## Provided entries
------------------------------------

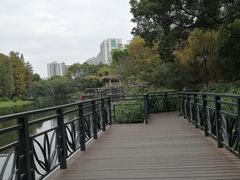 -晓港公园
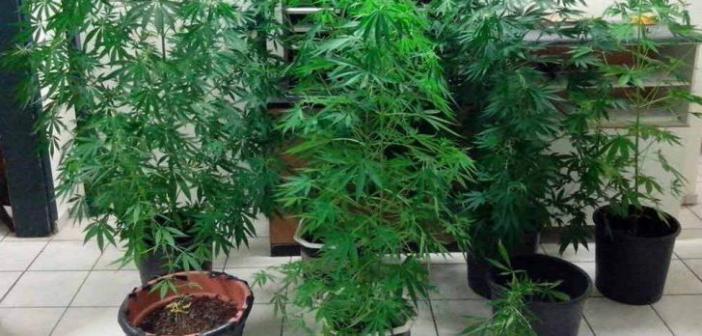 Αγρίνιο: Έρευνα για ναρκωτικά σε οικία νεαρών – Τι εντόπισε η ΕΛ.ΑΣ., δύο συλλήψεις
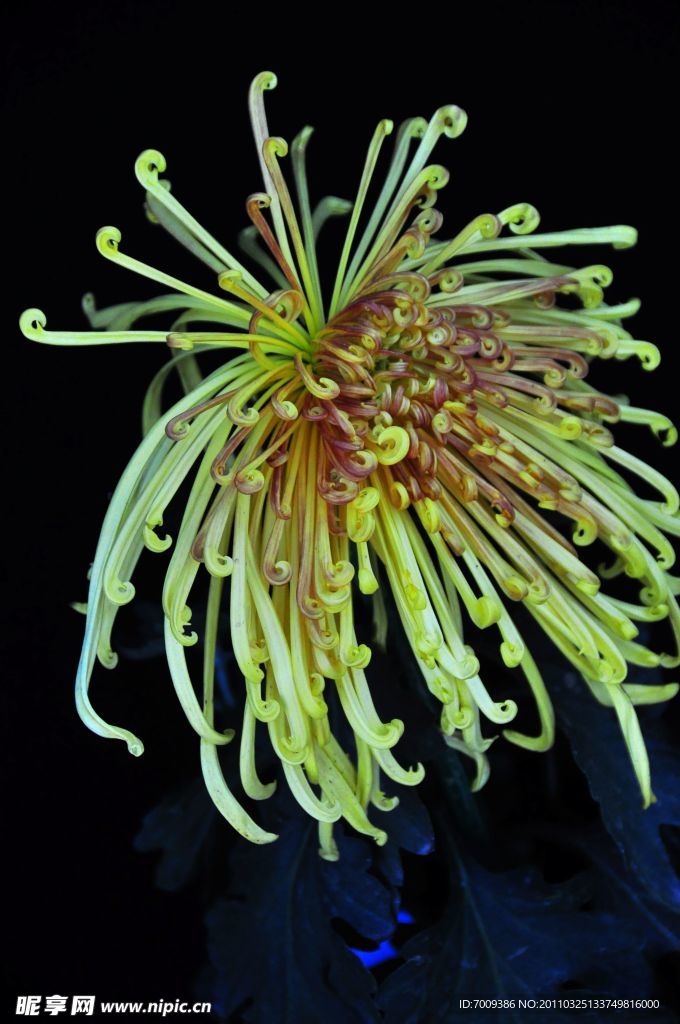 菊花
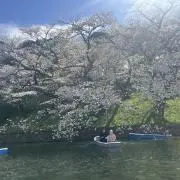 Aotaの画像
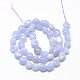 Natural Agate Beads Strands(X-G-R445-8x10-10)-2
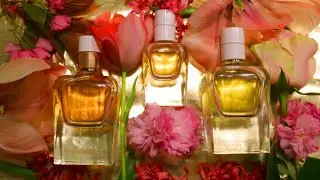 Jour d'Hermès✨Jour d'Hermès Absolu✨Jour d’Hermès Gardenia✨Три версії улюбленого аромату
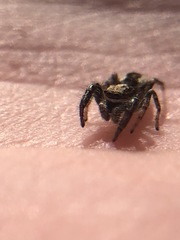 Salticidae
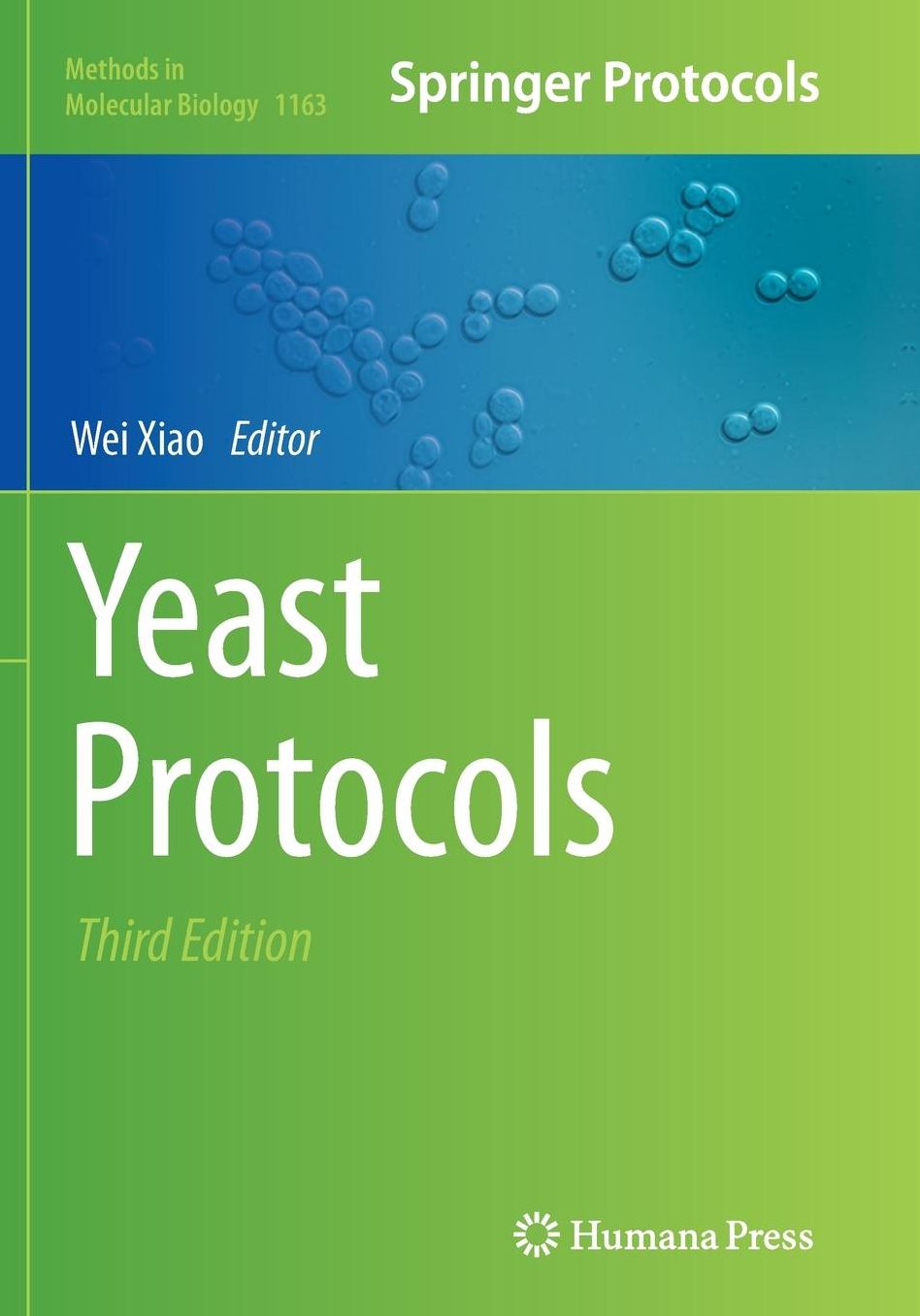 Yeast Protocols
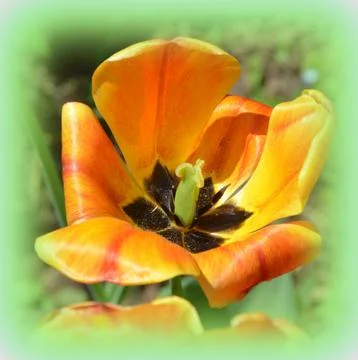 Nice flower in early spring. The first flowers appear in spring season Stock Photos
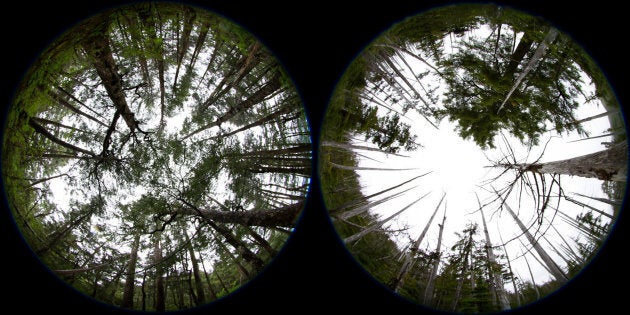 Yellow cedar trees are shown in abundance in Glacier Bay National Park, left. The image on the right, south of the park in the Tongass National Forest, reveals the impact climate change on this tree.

------------------------------------

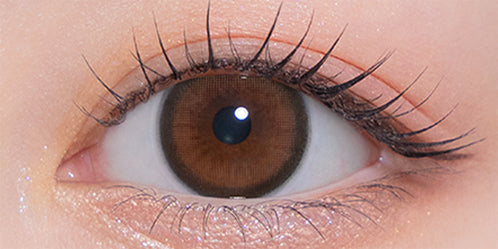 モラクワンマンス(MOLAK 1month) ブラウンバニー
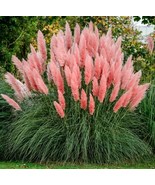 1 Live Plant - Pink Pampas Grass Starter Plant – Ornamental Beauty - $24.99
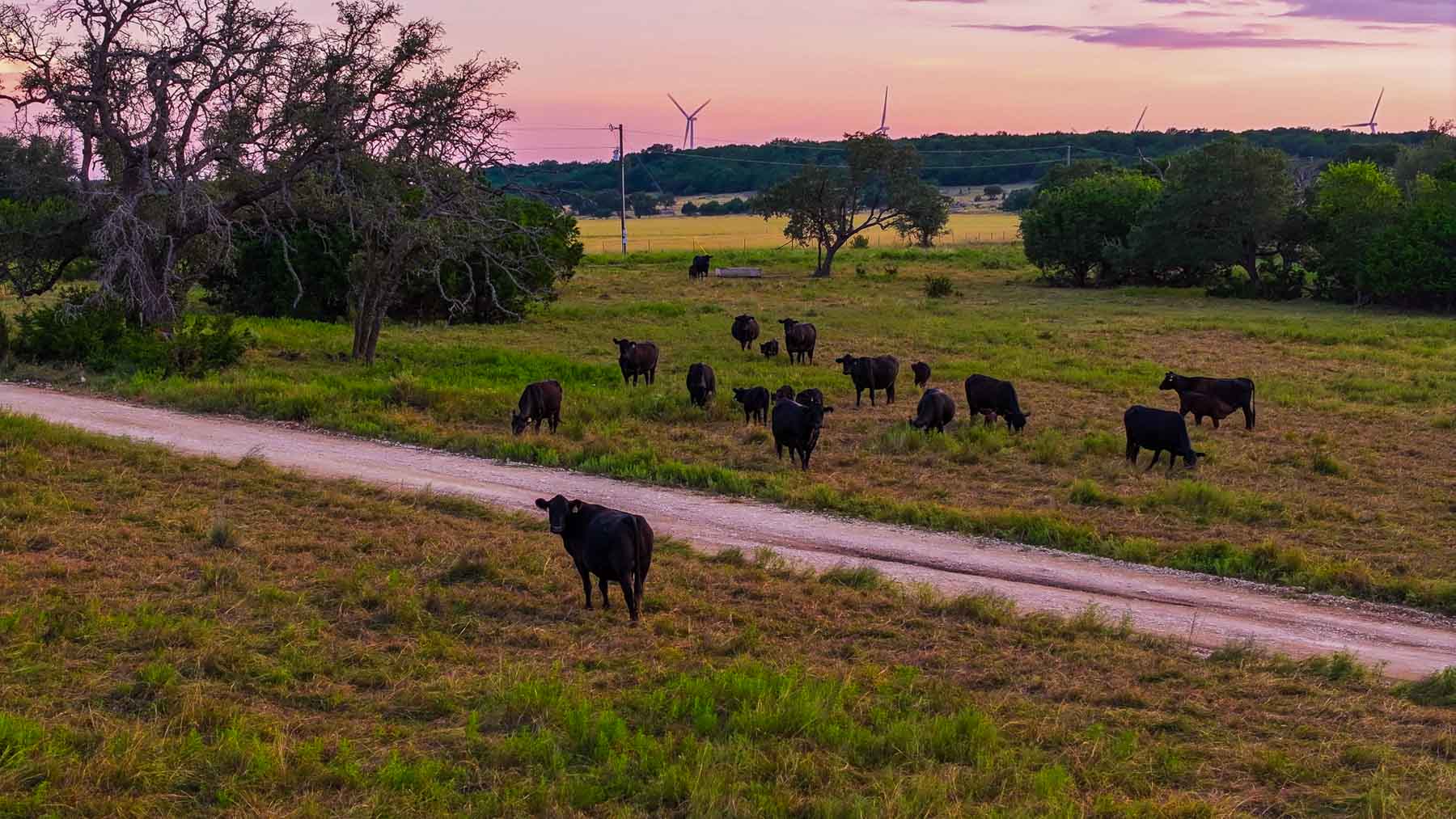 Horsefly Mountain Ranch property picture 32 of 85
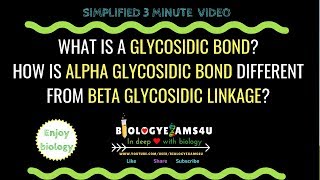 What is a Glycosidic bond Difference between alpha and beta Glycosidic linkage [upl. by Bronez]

------------------------------------

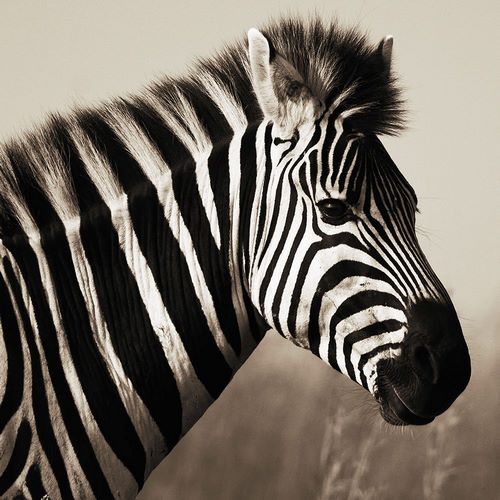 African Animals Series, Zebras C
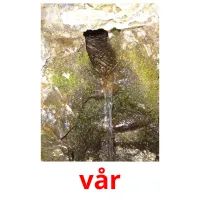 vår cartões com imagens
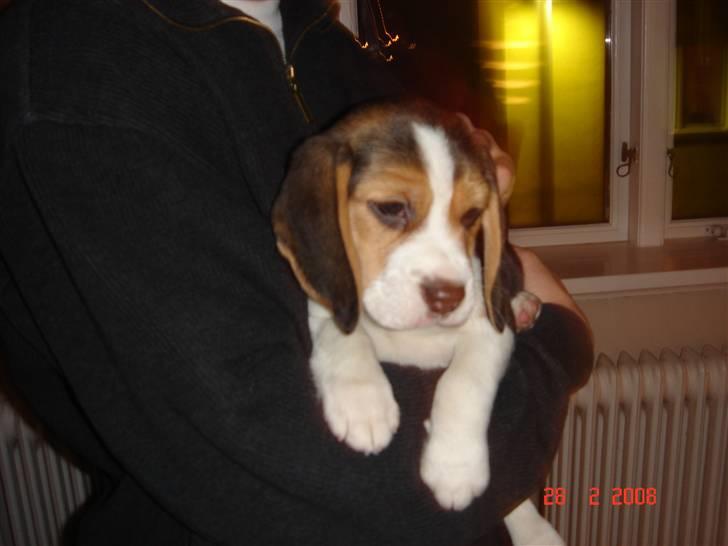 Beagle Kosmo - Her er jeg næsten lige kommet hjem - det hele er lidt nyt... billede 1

------------------------------------

## Instructions to follow
Leave out the images and write out the lines above exactly, from the one with "Αγρίνιο: Έρευνα για" up to and including the one with "Nice flower in".

## Response to the task
 Αγρίνιο: Έρευνα για ναρκωτικά σε οικία νεαρών – Τι εντόπισε η ΕΛ.ΑΣ., δύο συλλήψεις
 菊花
 Aotaの画像
 Natural Agate Beads Strands(X-G-R445-8x10-10)-2
 Jour d'Hermès✨Jour d'Hermès Absolu✨Jour d’Hermès Gardenia✨Три версії улюбленого аромату
 Salticidae
 Yeast Protocols
 Nice flower in early spring. The first flowers appear in spring season Stock Photos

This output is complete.